What to do
All lines from the one containing "66695 콘크리트홈파기 CS-125N 30mm 연삭 공작 전기대패 UDT 절삭" through the end of the data below are to be repeated exactly, with pictures left out.

Extracted information

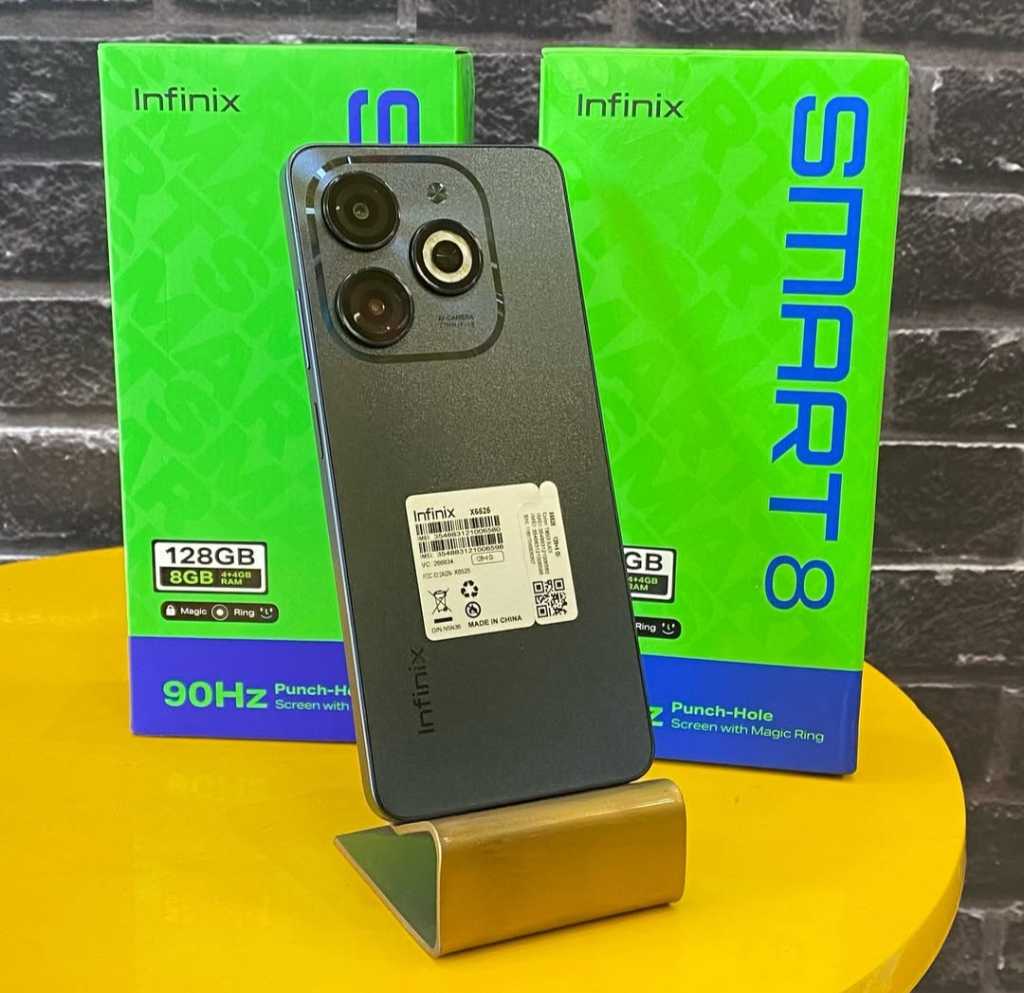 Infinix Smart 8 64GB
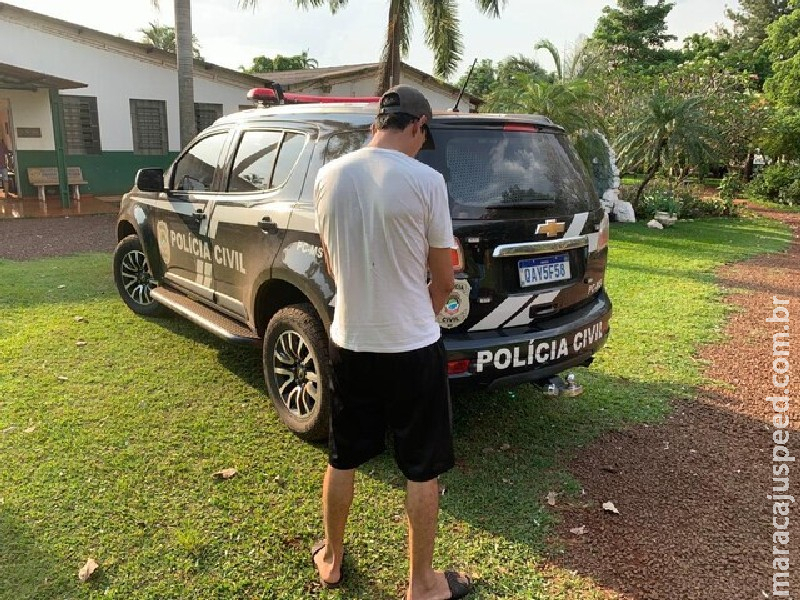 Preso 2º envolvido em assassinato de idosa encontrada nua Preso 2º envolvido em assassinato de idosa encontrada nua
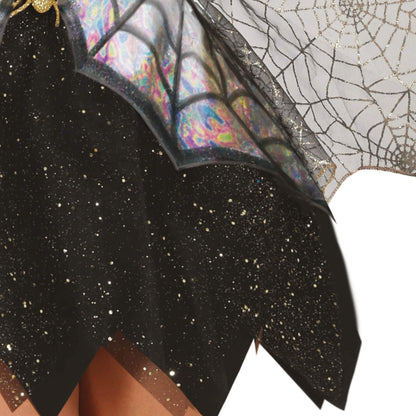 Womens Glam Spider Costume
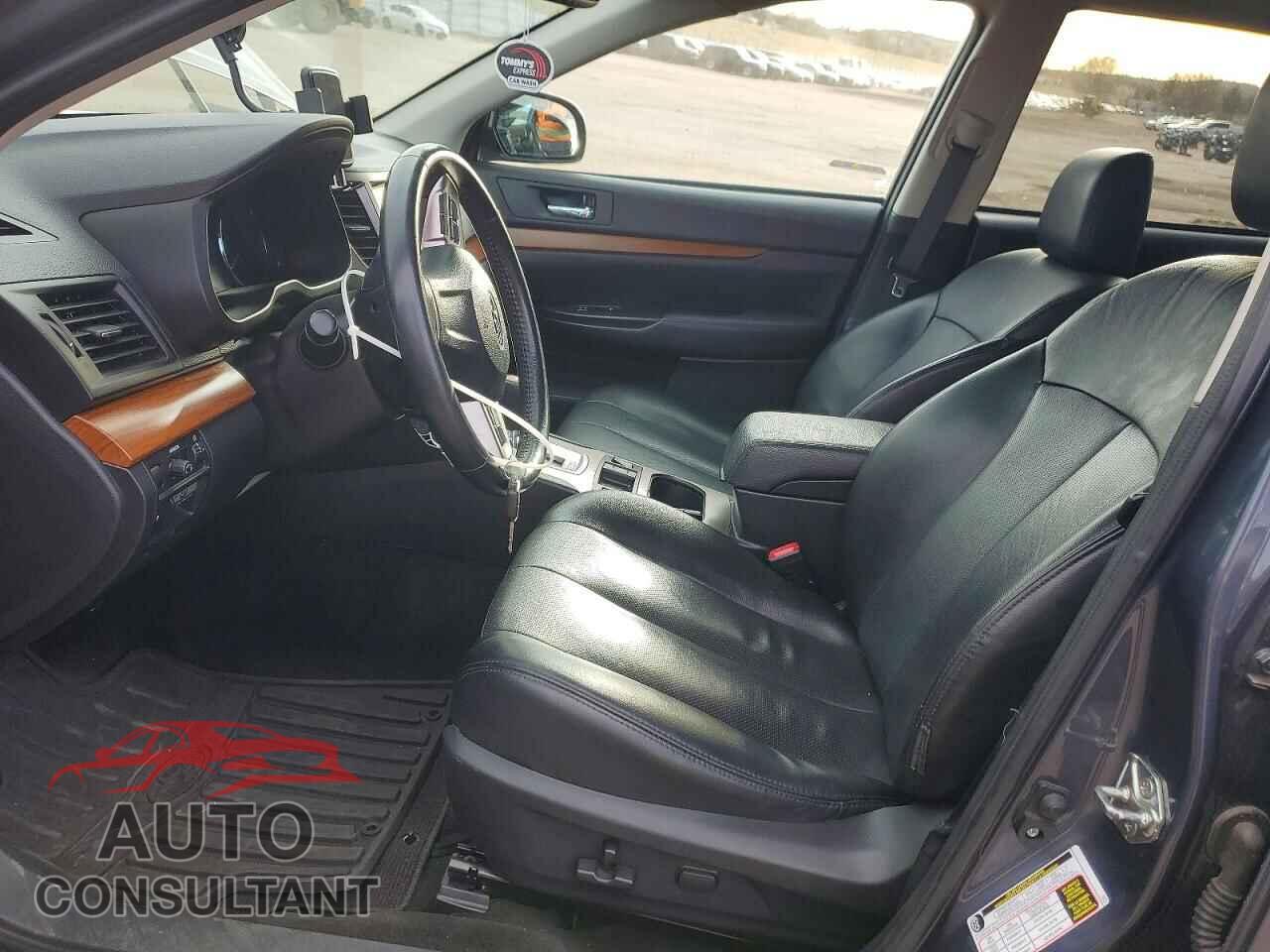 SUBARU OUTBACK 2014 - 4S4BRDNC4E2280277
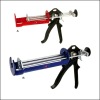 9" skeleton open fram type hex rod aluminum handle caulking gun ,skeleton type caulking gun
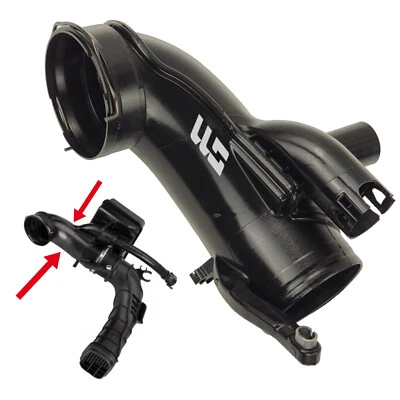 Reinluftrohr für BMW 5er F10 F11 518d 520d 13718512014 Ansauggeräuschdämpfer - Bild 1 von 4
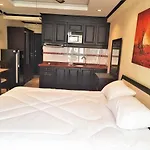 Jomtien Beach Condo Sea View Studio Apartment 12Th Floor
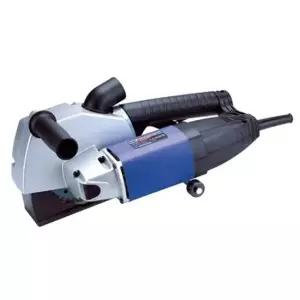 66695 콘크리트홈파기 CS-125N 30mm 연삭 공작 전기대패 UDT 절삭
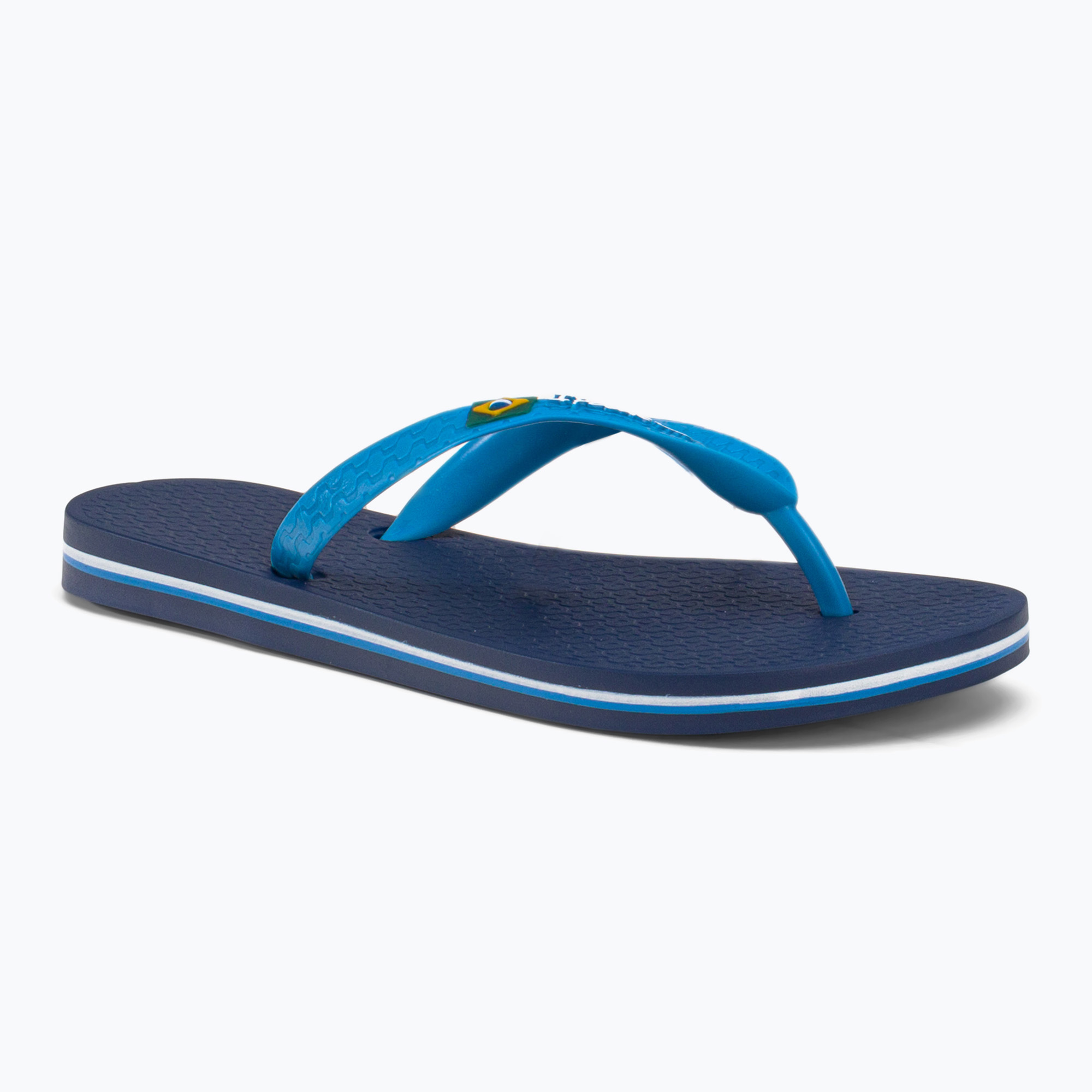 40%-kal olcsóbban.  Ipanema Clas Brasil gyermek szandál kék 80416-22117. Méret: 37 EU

Response area
 66695 콘크리트홈파기 CS-125N 30mm 연삭 공작 전기대패 UDT 절삭
 40%-kal olcsóbban.  Ipanema Clas Brasil gyermek szandál kék 80416-22117. Méret: 37 EU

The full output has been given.